How to complete this task ::
Each line from the top of the listing through the one holding "three men standing" should be restated word for word, with nothing added and no pictures.

= = = = =

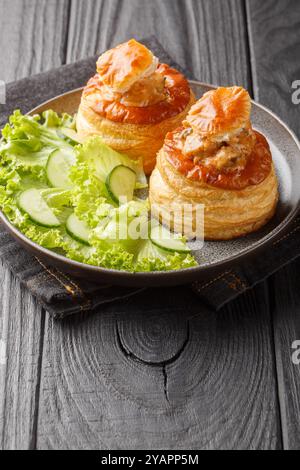 Bouchee a la reine oder vol-au-Vent mit Kalbfleisch in scharfer Sauce serviert mit Salat und Gurke in Nahaufnahme auf einem Teller auf einem Holztisch. Vertikal Stockfoto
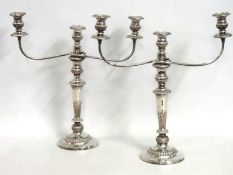 A pair of large antique three branch silver plate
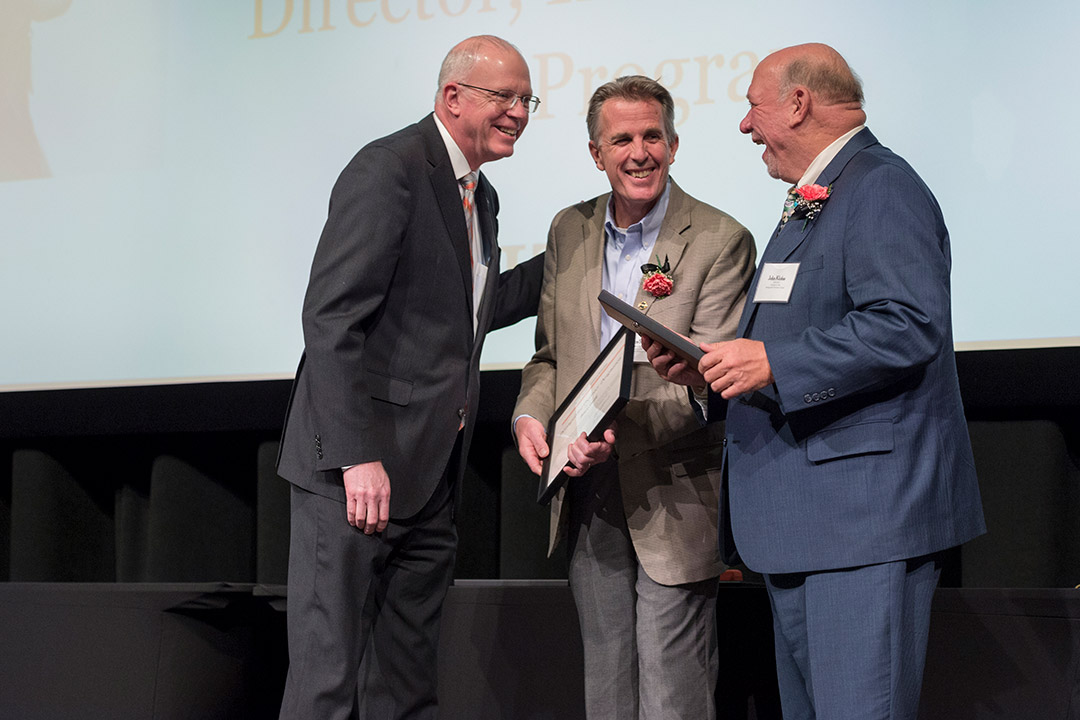 three men standing on stage, with the two on the right holding awards.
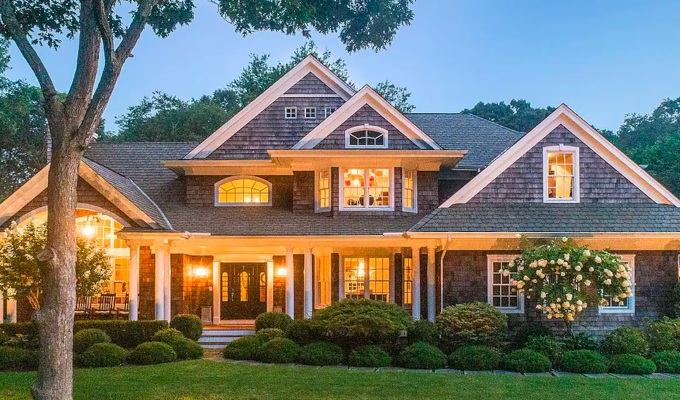 Best Airbnbs in the Hamptons - A large colonial style home in the evening with its lights on. It has a big front yard and is surrounded by a couple of trees.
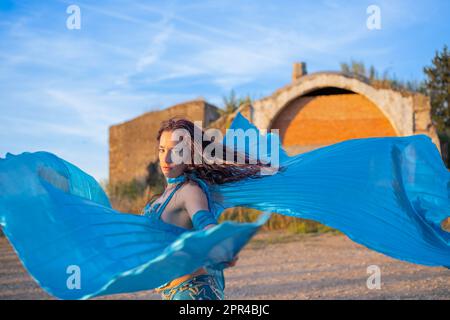 Orientalische Tänzerin in Blau mit Isis-Flügeln der gleichen Farbe, die draußen tanzt Stockfoto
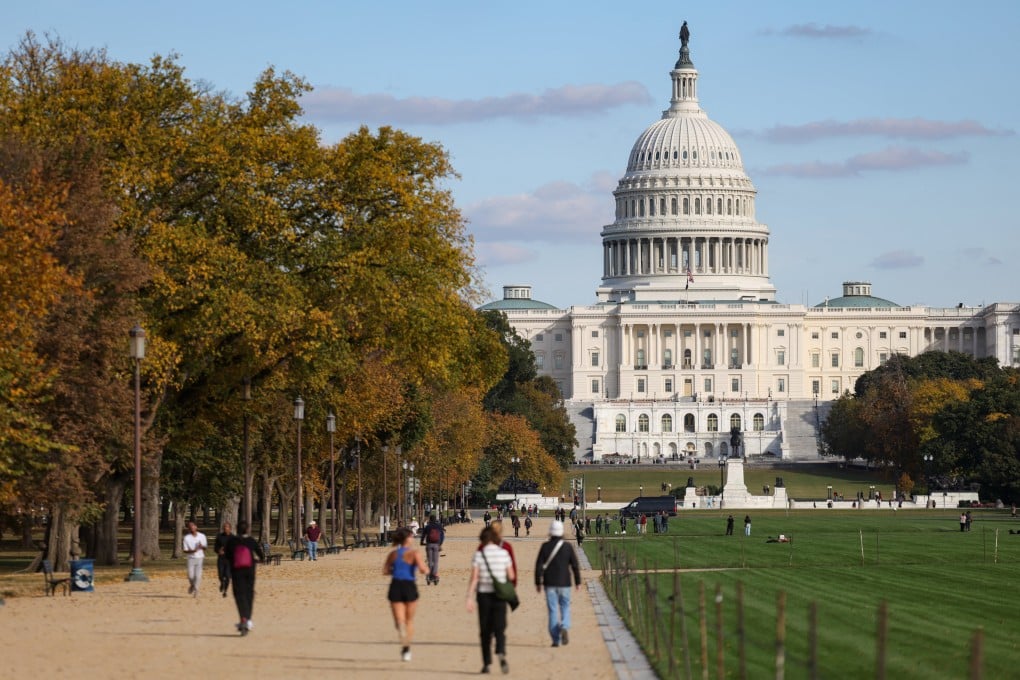 People walk along the National Mall near the US Capitol building on Monday. Photo: Reuters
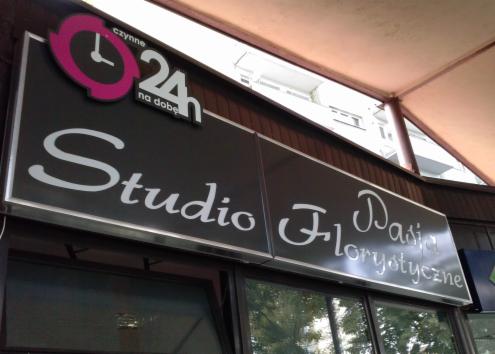 Szyld reklamowy 'Studio Pasji Florystyczne' z logo czynne 24h, zamontowany nad wejściem do lokalu, widoczny z dołu pod kątem.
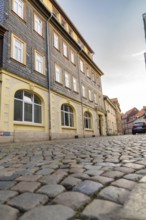 City street with traditional buildings, cobblestones and cloudy sky, Harz Mountains, Germany,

= = = = =

Response for this exercise ::
 Bouchee a la reine oder vol-au-Vent mit Kalbfleisch in scharfer Sauce serviert mit Salat und Gurke in Nahaufnahme auf einem Teller auf einem Holztisch. Vertikal Stockfoto
 A pair of large antique three branch silver plate
 three men standing on stage, with the two on the right holding awards.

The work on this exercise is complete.